*** MATERIAL SHOWN

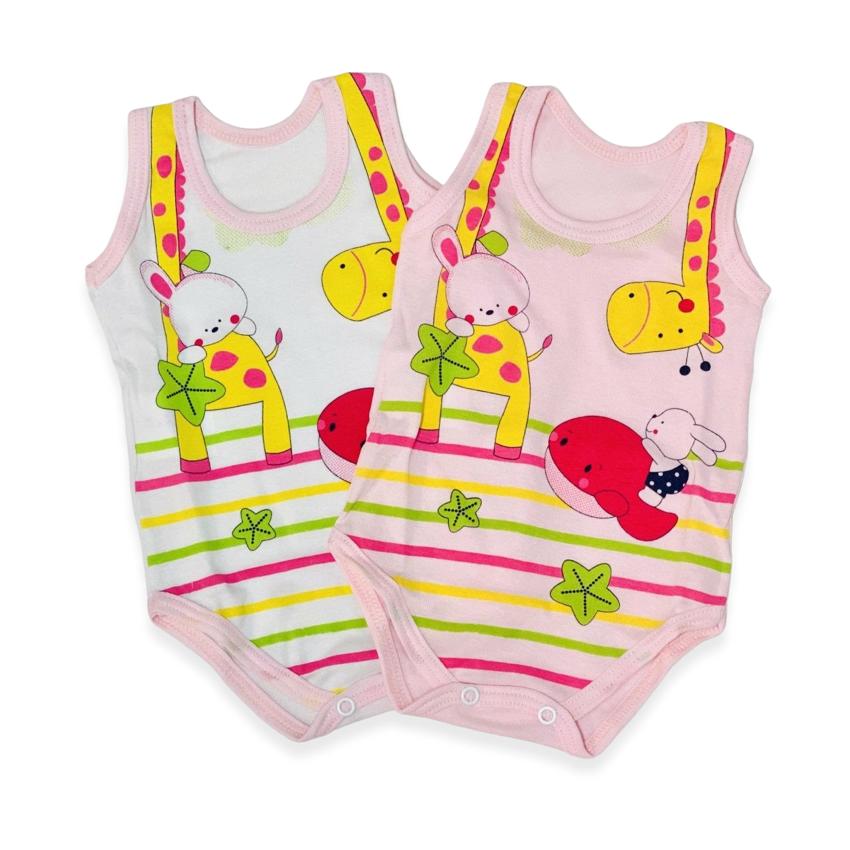 2 Body Canotta 100% Cotone Pastello 3 colori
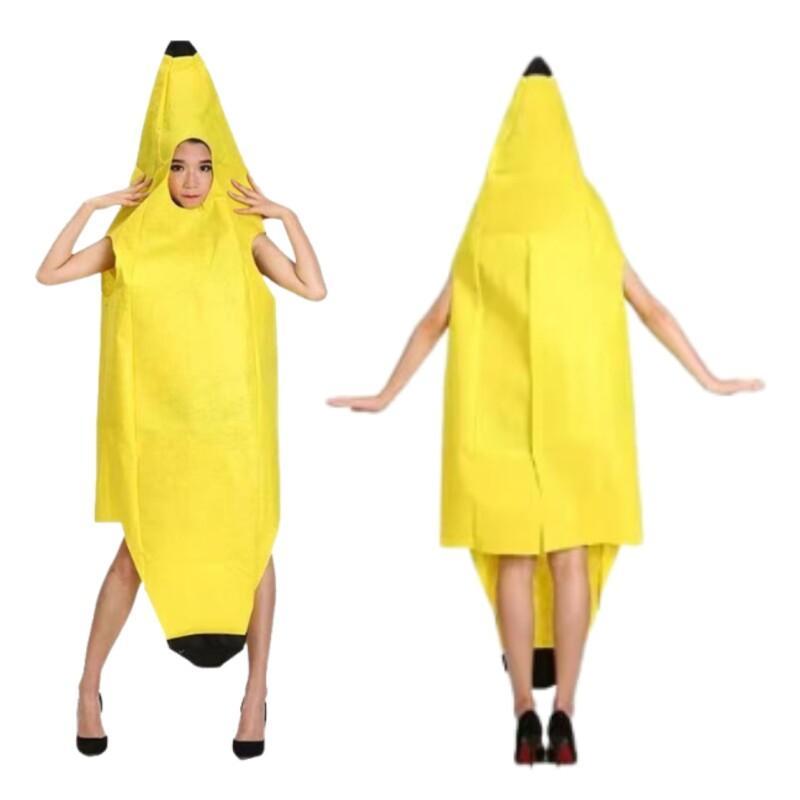 Adult Banana Costume Funny Fru - Women'S Yellow Accessories ulasan dan harga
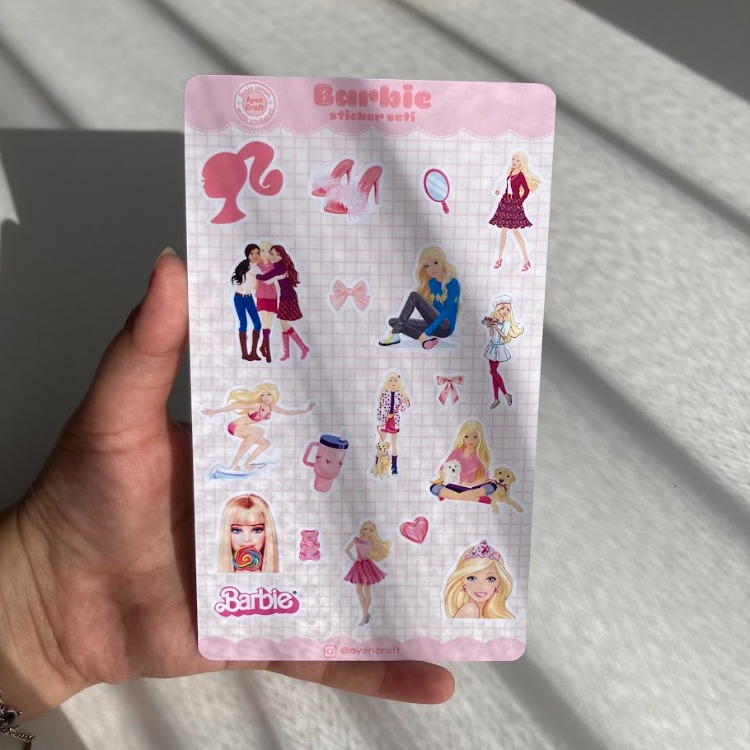 Barbie Sticker Seti
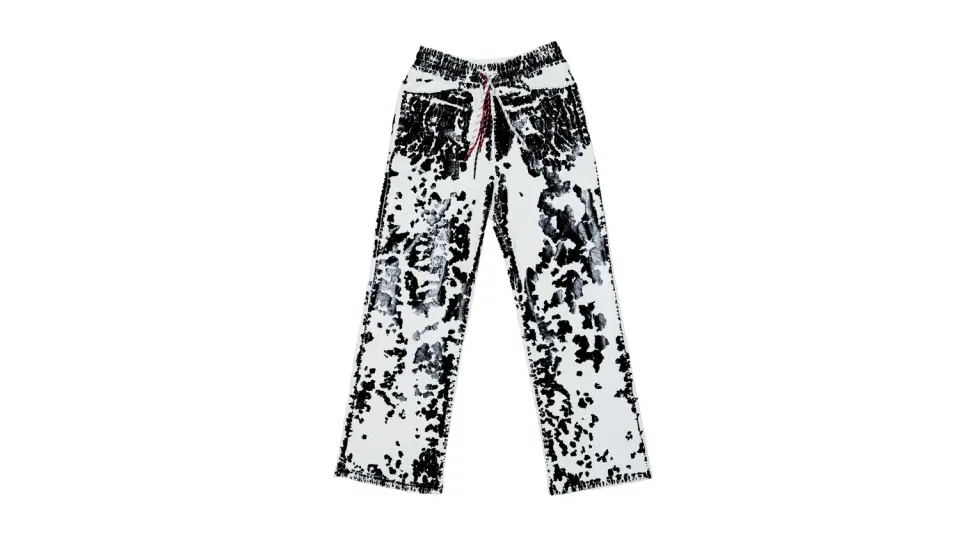 Marcello Pipitone Crack Pants pantaloni laminati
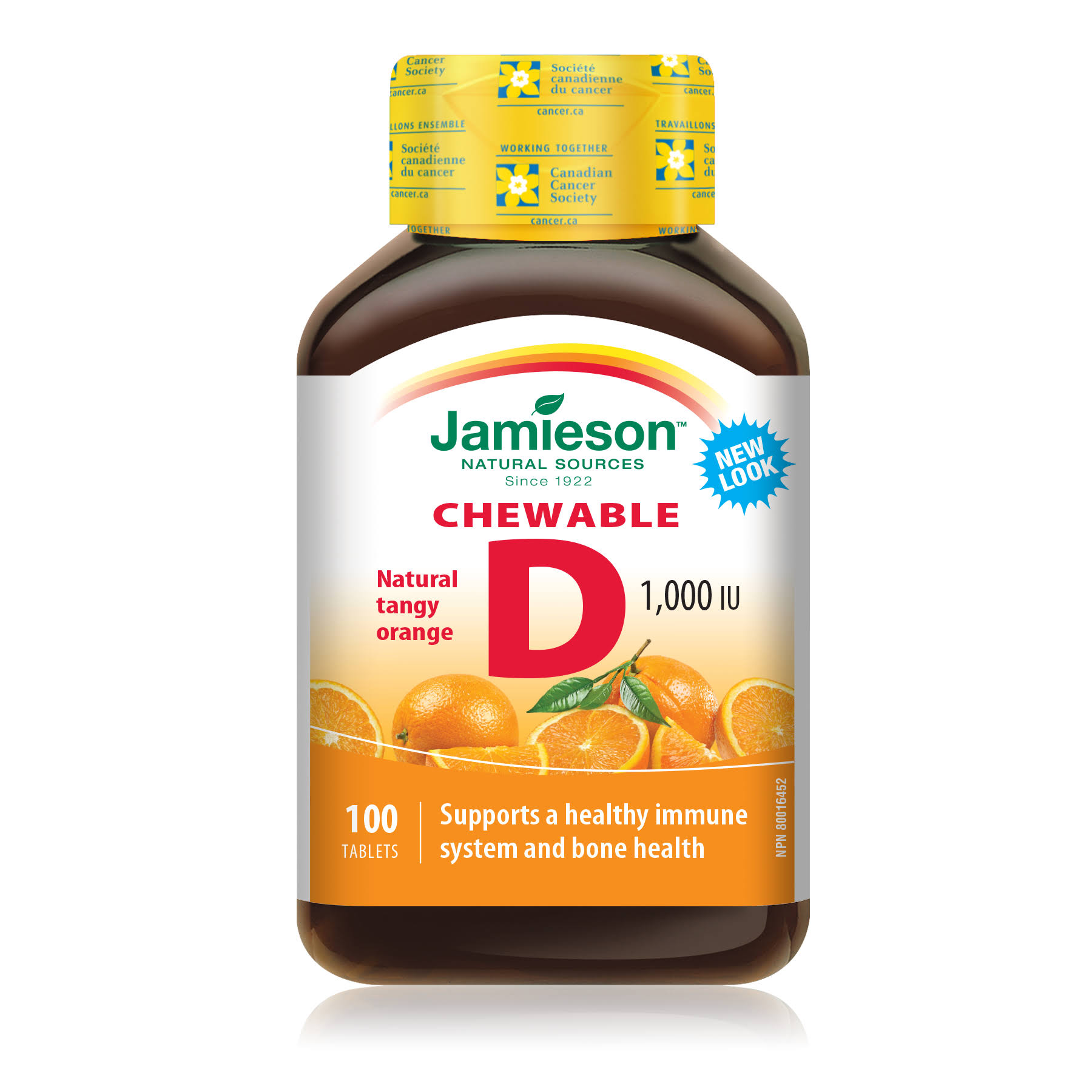 Jamieson Vitamin D Chewable - Tangy Orange, 100ct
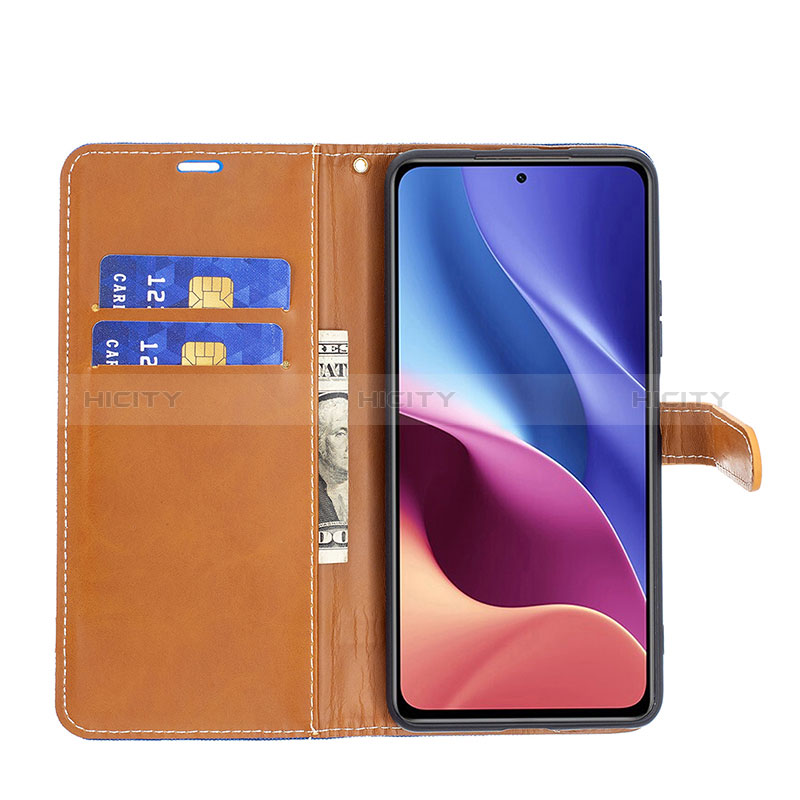 Handytasche Stand Schutzhülle Flip Leder Hülle B16F für Xiaomi Redmi K40 5G groß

******

Leaving the pictures out, copy exactly the lines from the line that contains "Adult Banana Costume" to the last line of the data, both ends included.

**TASK SOLUTION**
 Adult Banana Costume Funny Fru - Women'S Yellow Accessories ulasan dan harga
 Barbie Sticker Seti
 Marcello Pipitone Crack Pants pantaloni laminati
 Jamieson Vitamin D Chewable - Tangy Orange, 100ct
 Handytasche Stand Schutzhülle Flip Leder Hülle B16F für Xiaomi Redmi K40 5G groß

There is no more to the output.